Platform Economics
The Toll Booth You Never Saw Being Built
The most profitable move in tech history isn't building a great product — it's convincing everyone else to build on top of yours, then charging them for the privilege.
The Idea
Platforms don't just connect buyers and sellers. They engineer dependency, and then they monetise it. The pattern is almost always the same: attract participants with low or zero fees, become indispensable infrastructure, then gradually tighten the terms. Economists call this 'envelopment' — a platform expands into adjacent services until it becomes the unavoidable layer through which value flows. Once that position is secured, it can extract a cut from every transaction without producing anything new. What makes this different from ordinary monopoly is that the toll booth is largely invisible. When a musician earns less per stream than they did selling downloads, or when a small business finds that half its margin goes to a delivery app, the mechanism is diffuse — buried in algorithm changes, policy updates, and the quiet repricing of APIs. The platform's power grows not through coercion but through the accumulation of what researchers call 'switching costs': the longer you stay, the more expensive it becomes to leave. There's a useful term for the endgame: 'rent extraction.' Once a platform controls a market's attention or logistics infrastructure, its profits increasingly resemble a landlord's — not a reward for ongoing innovation, but a fee for occupying ground that others made valuable. The tricky part is that, in the early stages, platforms genuinely create enormous value.

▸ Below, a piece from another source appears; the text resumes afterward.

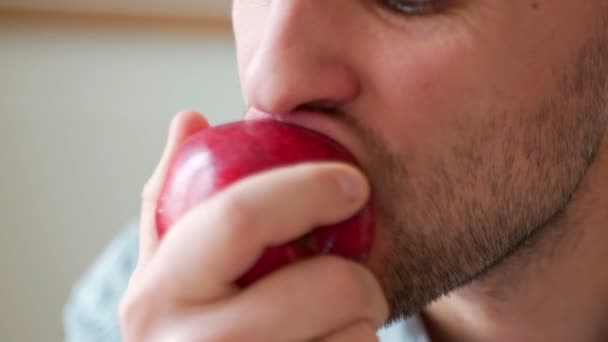 Primer plano retrato de boca masculina comiendo manzana roja — Vídeos de Stock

The extraction only becomes visible once the alternatives have been cleared away.
In the World
In 2012, when Instagram was acquired for what seemed like an absurd sum, Facebook's logic wasn't about Instagram's revenue — it had almost none. It was about eliminating a potential rival before it could become infrastructure. A decade later, that same logic played out in reverse for app developers on Apple's App Store. Epic Games, the maker of Fortnite, ran a deliberate experiment in August 2020. It introduced a direct payment option in its iOS app that bypassed Apple's billing system — thereby avoiding the standard 30% commission Apple charges on all in-app purchases. Apple immediately removed Fortnite from the App Store. Epic had anticipated this and filed a lawsuit the same day, complete with a pre-made parody of Apple's famous '1984' ad, casting Apple as the new Big Brother. The case that followed revealed, in granular legal detail, exactly how App Store economics work. Apple's internal documents showed its App Store operating margins of around 75–80%. Developers had no meaningful alternative — for iOS users, the App Store is the only legal way to distribute software. The court found that Apple held 'anti-steering' provisions that prevented developers from even telling users that cheaper options existed elsewhere. Apple won the core antitrust claim but was ordered to loosen those anti-steering rules. It appealed. The toll booth wobbled, but it did not fall. For most developers, the 30% commission remains simply the cost of existing in the iOS ecosystem — infrastructure rent, paid indefinitely.
Why It Matters
Understanding how platforms extract value changes the way you read tech news. When a platform announces a new fee structure, an API pricing change, or a tweak to its algorithm that happens to favour its own products, you're not watching a business making product decisions — you're watching a landlord raising the rent. It also reframes how you think about your own choices as a user or creator. Every time you build an audience on someone else's platform, or rely on a single marketplace for your income, you are depositing value into infrastructure you don't own. The platform benefits from your presence before you ever see a return — and it retains the right to change the terms after you've built something worth extracting from. None of this means platforms are purely extractive. Many genuinely lower barriers and create real economic opportunity. But the value creation and the value extraction happen at different moments in time — and usually to different people. Knowing which phase a platform is in, and where you sit within it, is one of the more practically useful things you can understand about the modern economy.
A Question to Ponder
Which platforms in your daily life — for work, creativity, or connection — have become genuinely difficult to leave, and when did that shift happen?